Project Overview
Introduction
The Black Hole Simulation project aims to visualize the visual distortion caused by extreme gravity, a phenomenon known as gravitational lensing. By solving the geodesic equations for light rays passing near a black hole, we can generate physically accurate images of what a black hole might look like to an observer.
Goals
- Ray-tracing: Implement ray tracing to simulate gravitational lensing mechanics.
- Accretion Disk: Simulate a glowing disk of matter orbiting the black hole.
- Spacetime Curvature: Provide a visual representation of how mass curves spacetime using a distorted grid.
- Real-time Performance: Optimize calculations to run at interactive frame rates (60FPS+).
Technical Approach
The simulation is built using C++ and OpenGL. It employs a hybrid approach:
- CPU: Handles the main simulation loop, window management, and basic physics for non-relativistic interactions.
- GPU (Compute Shaders): performs the heavy lifting of ray marching through curved spacetime. We use Runge-Kutta 4 (RK4) integration to solve the geodesic equations for each pixel in parallel.
Simulating Sagittarius A*
The default configuration simulates Sagittarius A*, the supermassive black hole at the center of the Milky Way galaxy.

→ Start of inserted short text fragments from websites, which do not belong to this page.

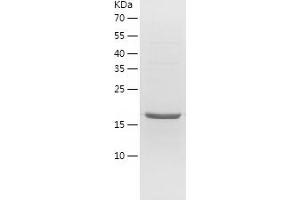 Western Blotting (WB) image for Regulator of G-Protein Signaling 10 (RGS10) (AA 1-181) protein (His tag) (ABIN7124813) (RGS10 Protein (AA 1-181) (His tag))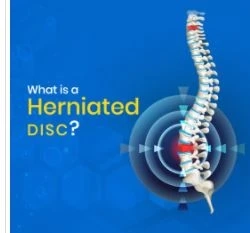 Bulging Disc Vs. Herniated Disc: What's The Difference?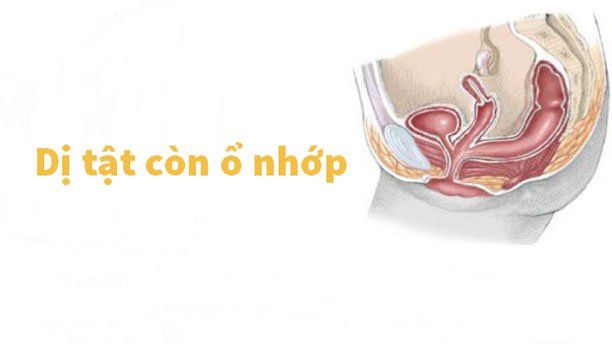 Phẫu thuật điều trị còn ổ nhớp lộ ngoài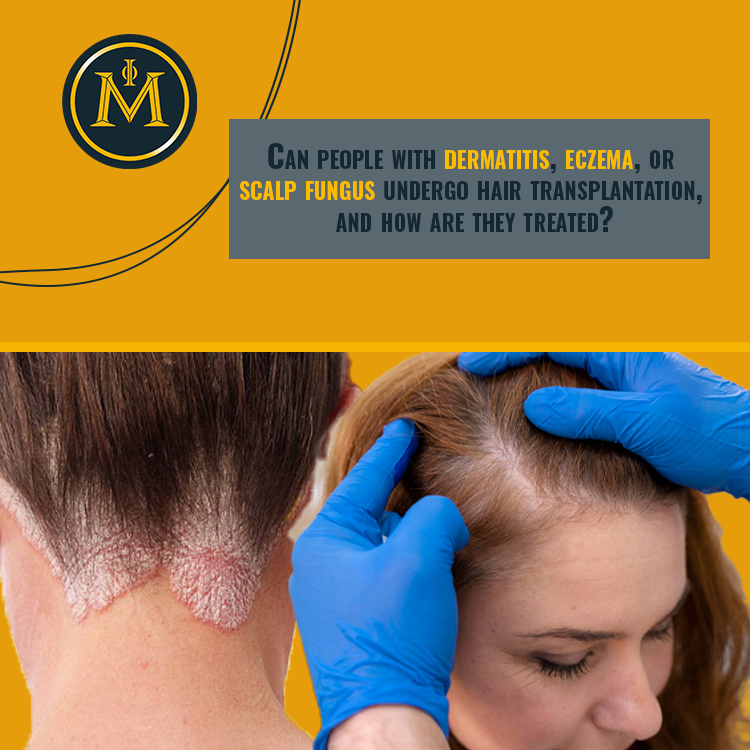 Can people with dermatitis, eczema, or scalp fungus undergo hair transplantation?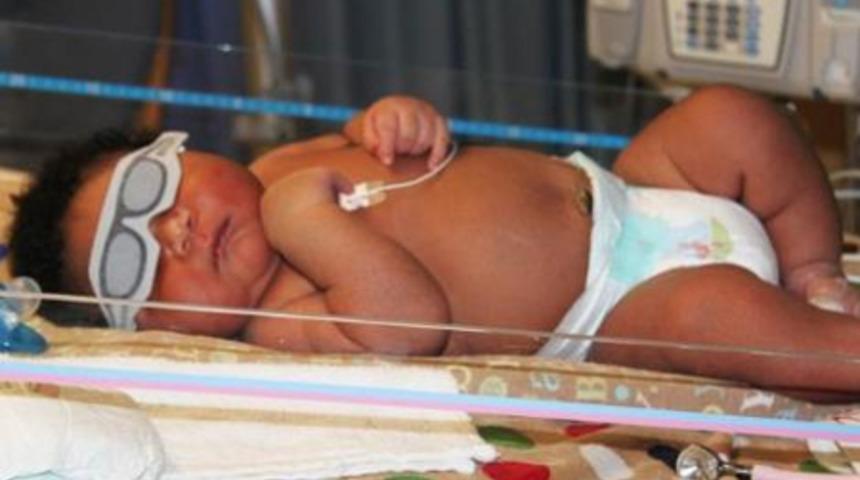 7 Kilo doğdu!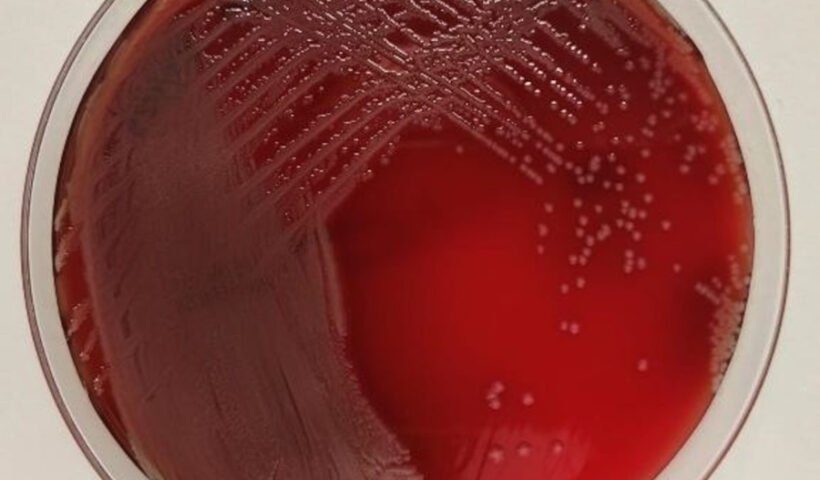 P.aeruginosa (Isabel M Barceló)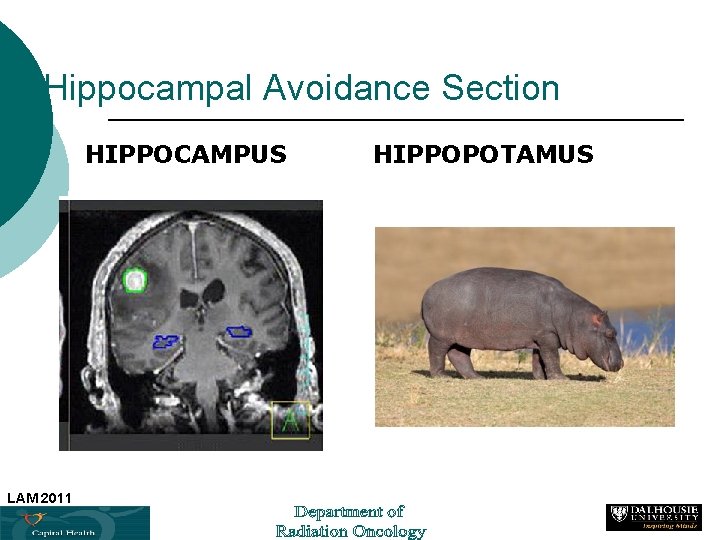 Hippocampal Avoidance Section HIPPOCAMPUS HIPPOPOTAMUS LAM 2011 34 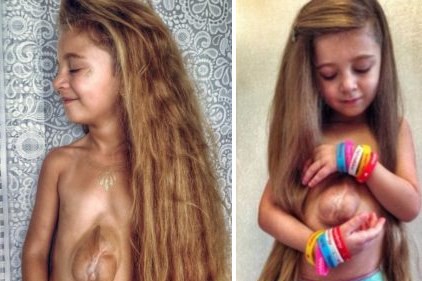 El extraño caso de la nena que nació con el corazón fuera del pecho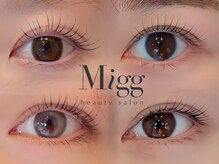 ミグ(Migg)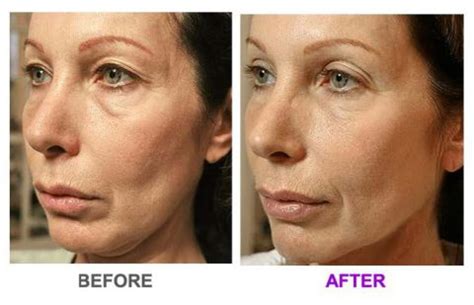 thermage flxcpt dsc laser skin care center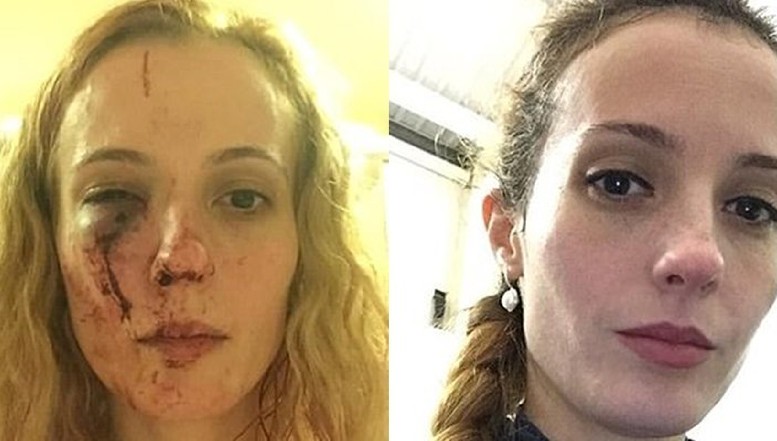 O româncă a fost atacată cu brutalitate în Marea Britanie de un grup de tineri care au crezut că e poloneză. Aceasta s-a lovit de ignoranța Poliției britanice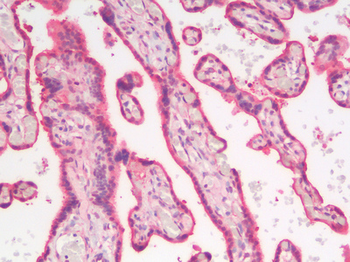 ANXA1/Annexin A1 Antibody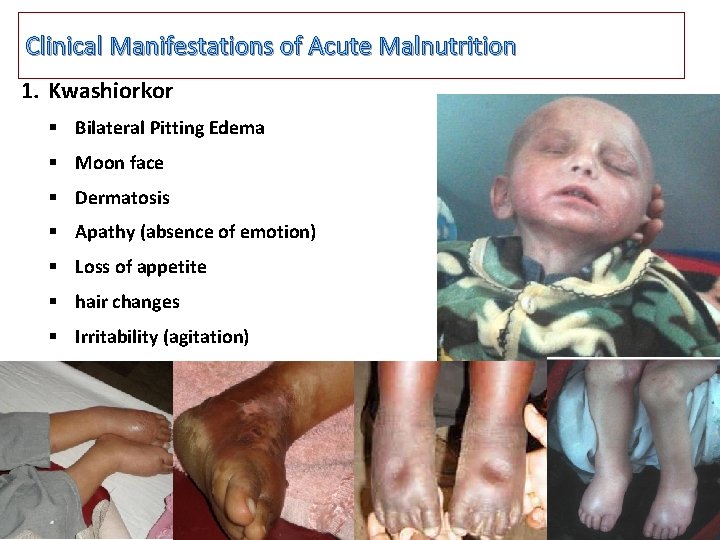 Clinical Manifestations of Acute Malnutrition 1. Kwashiorkor § Bilateral Pitting Edema § Moon face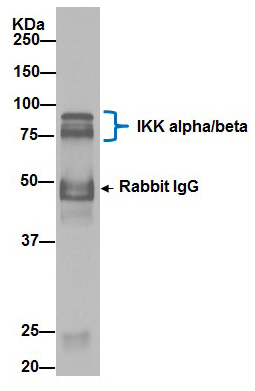 Immunoprecipitation - Anti- IKK beta antibody [EPR16628] - BSA and Azide free (AB240210), expandable thumbnail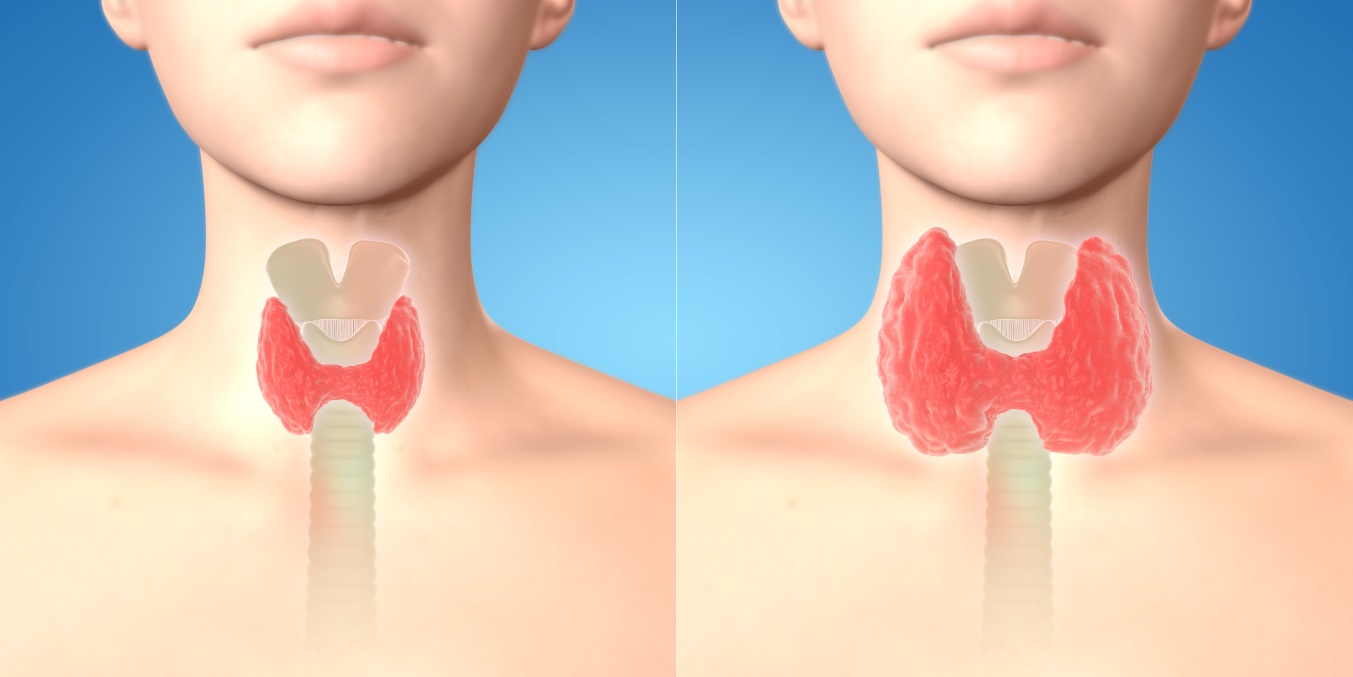 Aspect et palpation d'une glande thyroïde hypertrophiée - goitre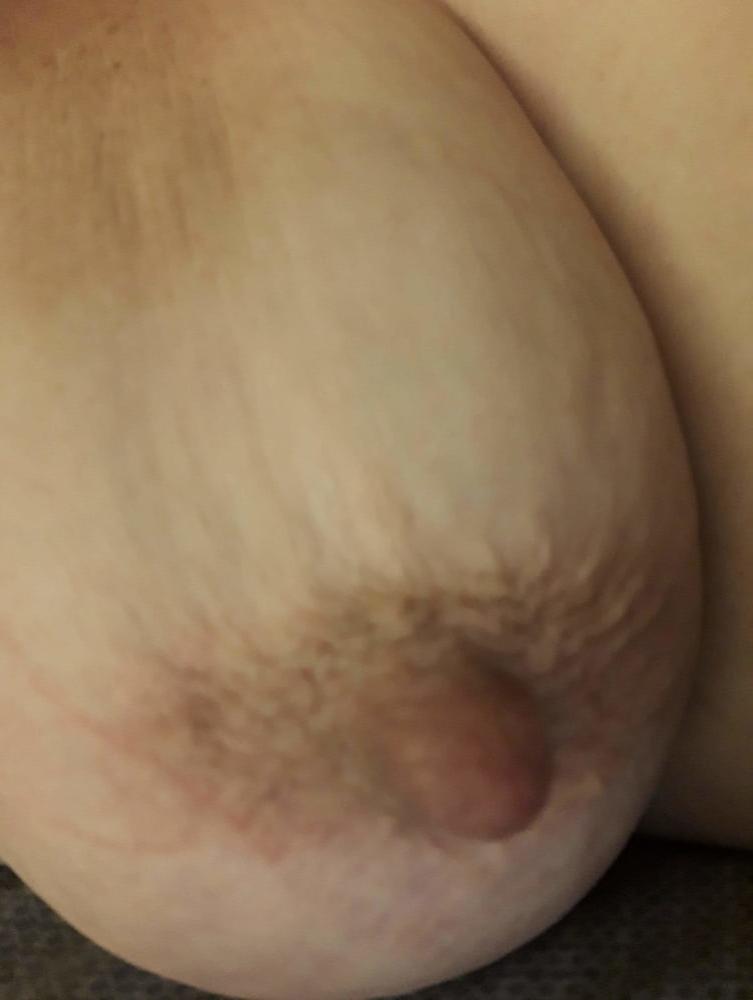 14P Nipples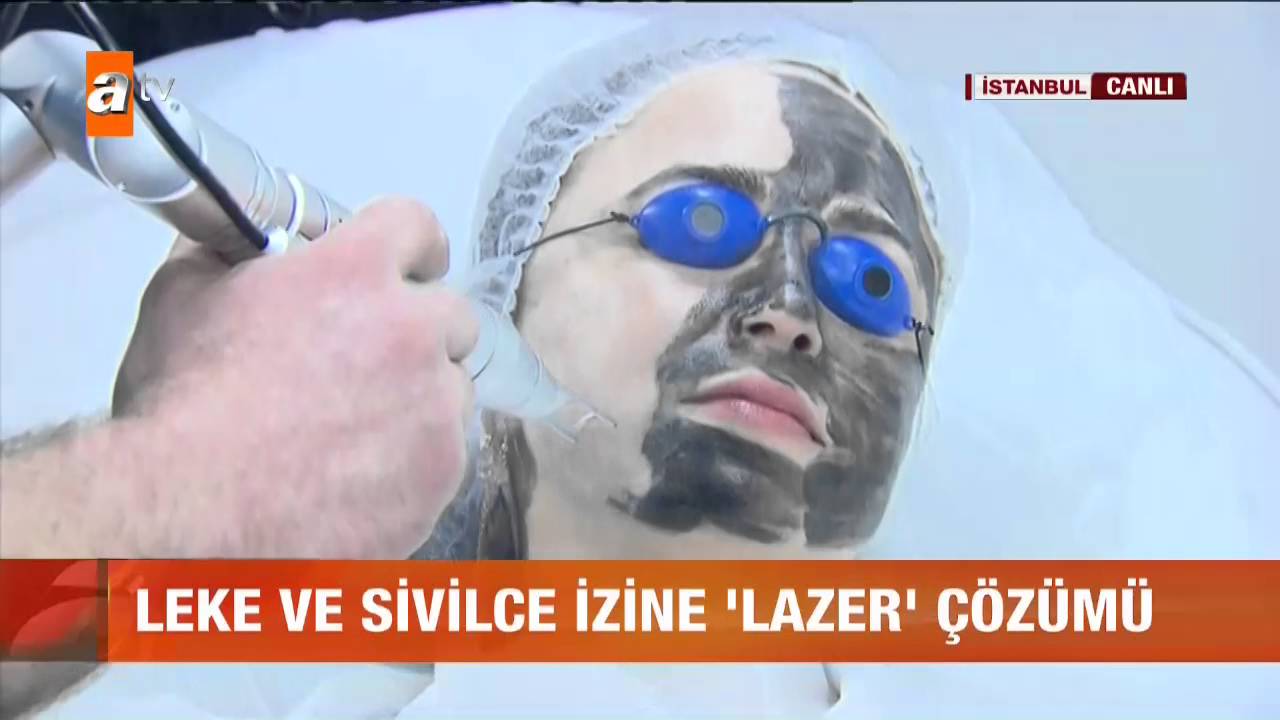 Leke ve sivilce izine lazer çözümü - atv Gün Ortası Bülteni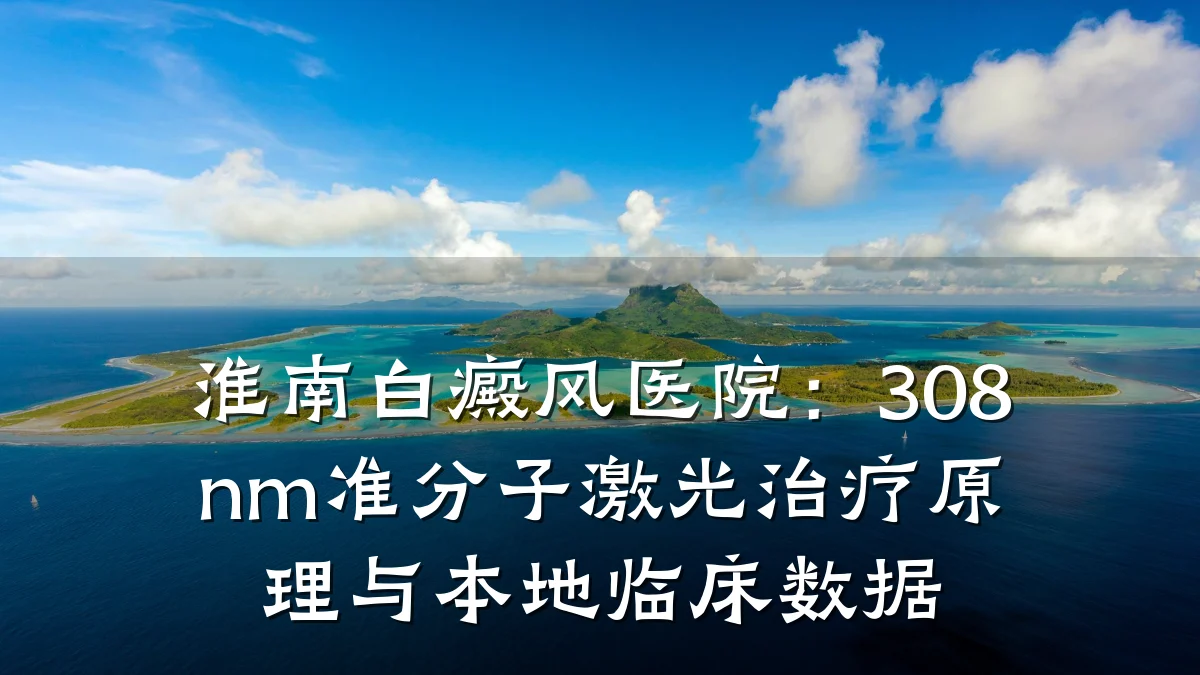 淮南白癜风医院：308nm准分子激光治疗原理与本地临床数据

- Mass: $\approx 8.54 \times 10^{36}$ kg (approx 4 million solar masses).
- Schwarzschild Radius ($r_s$): The event horizon radius, calculated as $r_s = \frac{2GM}{c^2}$.
Visualizations
2D Lensing (CPU)
A simpler 2D implementation (2D_lensing.cpp) demonstrates the path of individual light rays as they are deflected by the black hole’s gravity.
3D Simulation (GPU)
The full 3D simulation (black_hole.cpp + geodesic.comp) renders a complete scene with:
- A background starfield (or full-screen quad).
- An accretion disk with relativistic Doppler beaming effects (approximated).
- Gravitational redshift/blueshift (visualized via color intensity).